Your Labor expense is made up of two parts:
- Amount paid to the employee – hourly, salary or commission, and benefits
- Efficiency or productivity
Amount Paid to the Employee
The costs associated with hourly employees are their rate per hour, markup for taxes and insurance, fringe benefits, and employee amenities. Each of the costs warrant scrutiny. Of the costs associated with payroll, only payroll taxes are inflexible. The rate per hour, fringe benefits, workers compensation insurance and amenities are all worth examining for cost-cutting measures.
Stating the obvious, cutting wages is never well received. In a competitive labor market where employees can pick and choose where they want to work, the first thing they are attracted to is how much they are going to get paid. A reasonable wage must be offered to attract and retain a staff. Make sure the rate you are paying your employees is fair and competitive.
The second thing employees look for is the benefits offered, the perks.
- Health Insurance. Investigate and educate yourself on the options available. Be sure to periodically educate your employees on their health benefits. The many options may confuse some employees.
- Employee amenities. The work environment impacts safety and a comfortable place to work. This includes break areas, parking, commuting services, day-care services, good tools, safety gear, to name a few.
- Paid Time Off (PTO). Employees expect a reasonable policy for vacations, sick leave, maternity leave, bereavement time, and other times that are paid while not at work.
Efficiency and Productivity
To promote efficiency and productivity, examine the staff’s work environment.
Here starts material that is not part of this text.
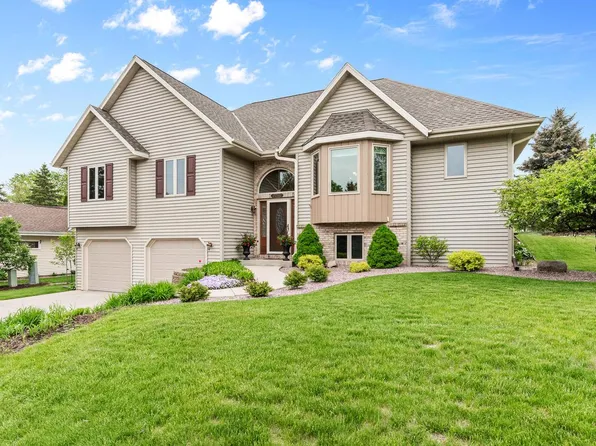 2817 Valley AVENUE, West Bend, WI 53095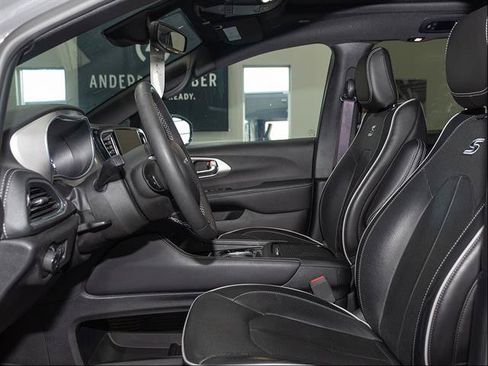 Used 2023 Chrysler Pacifica Limited w/ S Appearance Package AWD/4WD image 8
Do the employees have the tools they need to get their job done? Is the area clean and free of obstacles? Is the work flow well organized and documented? What obstacles are in the way from them being fully productive? And are employees free to suggest improvements in their work space to improve their ability to perform their duties?
Another strategy is to provide incentives based on productivity and quality of work. This works well in services industries, where those who are directly involved in projects for clients are rewarded for project completion, profitability, and customer satisfaction. When possible, base their bonuses on the gross profit made on the projects they worked directly on.
Though this does not provide additional cash flow in the short-term, it does provide substantial long-term benefits. It can create a culture in the company for those directly involved in production to be loyal to keeping costs at bay, deliver quality work, and on time.
Incentives such as these can help reduce employee turnover. A cost that is hidden in many companies is the expenses involved in bringing a new employee up to full capacity. Besides being an expense to the company that is not contributing as much to operations, a new employee infringes on the productivity of co-workers. Reducing the amount of employee turnover is a cost-saving measure, even in an environment where a new employee could be hired for a lesser salary or rate per hour.
There could also be additional employer taxes on the employee – in the U.S. a company’s Unemployment Insurance rates are based on turnover. And contributions to the fund must be made for each new employee until a limit is met.
When evaluating your labor costs, there is an exchange between what you are paying your employees and what they are delivering to the company’s profit and growth. The bottom line is to develop a culture that attracts ideal employees who want to work and want to stay. This comes from an environment where they are given a competitive wage, good benefits, a safe and productive workspace, and rewarding them in such a way that they feel they belong to a team. The expenses involved in these employee perks should be viewed as an investment in the workforce that will pay future dividends. In the long-term, there is cash-flow to be found through reducing training and onboarding costs, waste, and unnecessary expenses. Cash flow is also generated in an efficient and productive workplace, where employee pride promotes quality work.
Always remember, you cannot do it all yourself. And there are people who have the expertise and desire to do some of the tasks that bog you down. A well-trained workforce that works together toward the company’s objectives is the key to growth and profitability.